Of course, Sauter had positive memories from The Mile, after winning a NASCAR Busch Series race there in 2005 and once racing another series race with two of his brothers and his father.

He even maintains his affinity for the version of Phoenix that was created at mid-season in 2011, when the exit of Turn 1, the backstretch “dogleg” and frontstretch were reconfigured.

“The new configuration is obviously a little bit faster, but it still races real similar to what is was before,” Sauter said. “I don’t really know what it is that I like about it. I guess it’s just the uniqueness of it…

“Turn 1 is really a hard-braking turn, though now it’s a llitle bit different — it’s a real momentum corner because you have so much runoff room going down to the dogleg. And then Turns 3 and 4 are such a long, sweeping corner, so I guess it’s just got a lot more character than some of the places we go.”

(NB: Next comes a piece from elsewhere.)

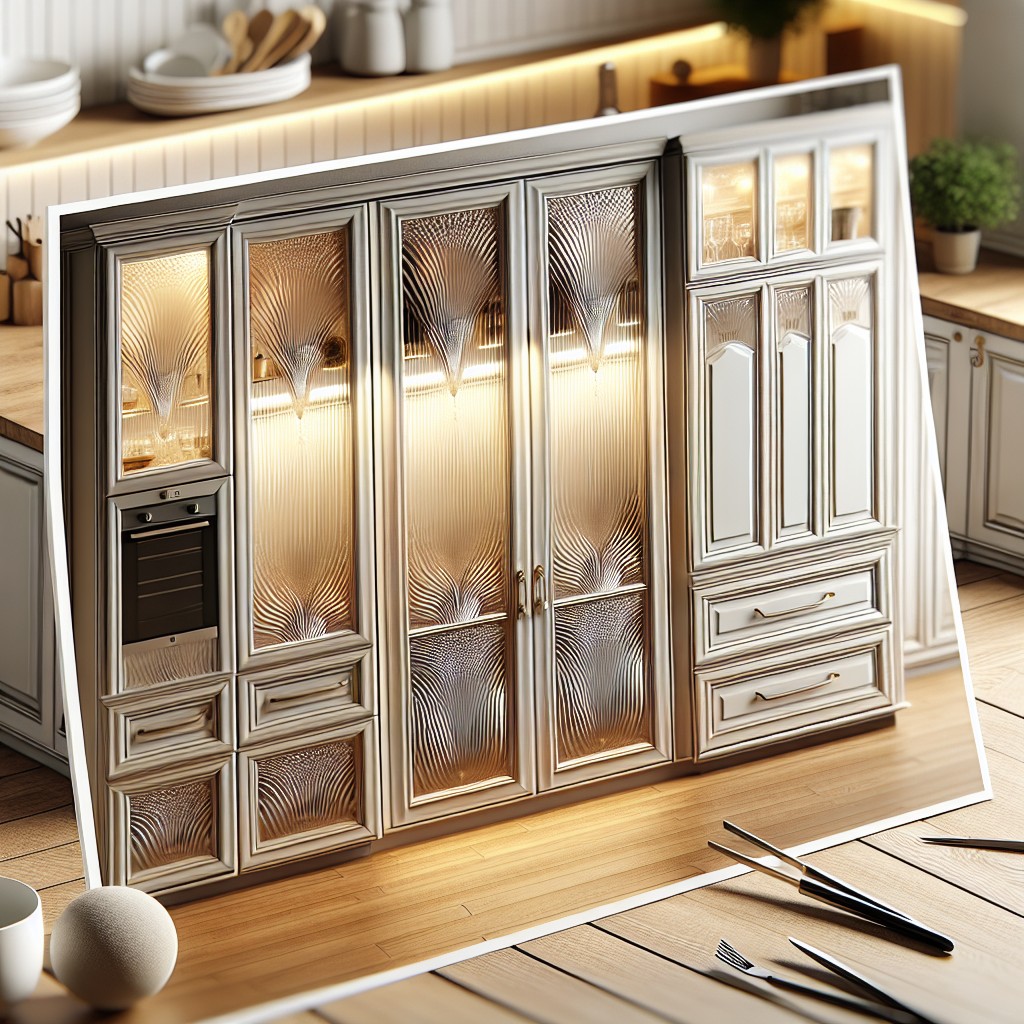 opting for reeded glass in cabinet doors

Sauter maintains one major difference on what his teammate, Truck Series championship leader Matt Crafton, who coincidentally has a chance to clinch the title this weekend at Phoenix, thinks of the place.

“I don’t think you can sacrifice at all on one end to gain on the other — not if you’re going to win the race,” Sauter said. “I think whoever gets it right on both ends is gonna be the guy to beat, so even though there are some racetracks that you have to sacrifice one end to be better on the other, I think Phoenix has enough grip and it’s new enough pavement that you’re going to have to be right on both ends to win the race.”

The truck Sauter will race at Phoenix is the piece he had at Eldora. It’s a Tundra that had to be completely rebuilt from the ground-up after the roughhouse, mid-summer dirt-track race. It’s wearing a never-seen, mellow jalapeno green paint scheme representing that flavor of Carolina Nut’s flavored, roasted peanuts.

In all, Sauter believes the streak can continue through Homestead next weekend — though he’s hardly willing to settle for top 10s.

“It’s obviously very satisfying and I’m real proud of my team and what we’ve been able to accomplish.,” Sauter said. “The last six races have been awesome — if you take Chicago out of the mix, where we had a top 10 but we struggled and were still able to salvage a decent finish — we’ve been on a pretty good run here.”

It specifically has brought Sauter from just outside the top 10 in the championships to fourth, where he now has a great shot to hold onto a place on stage at the Nov. 18 awards ceremony.

“But we’ve still got two races to go,” Sauter said. “If we can finish the year as good as we’ve been running we could end up second in the points if some of the guys in front of us have trouble.

“It’s just good to know that we’re going to the racetrack and we’re going in the right direction and things are running good.” 

 

The two-day Phoenix Truck Series weekend begins Thursday with a pair of practice sessions, from 5:30-6:25 p.m. ET and 7:35-8:30 p.m. Keystone Light Pole Qualifying to set the starting lineup is scheduled at 4:30 p.m. ET on Friday, with TV coverage on FOX Sports 2.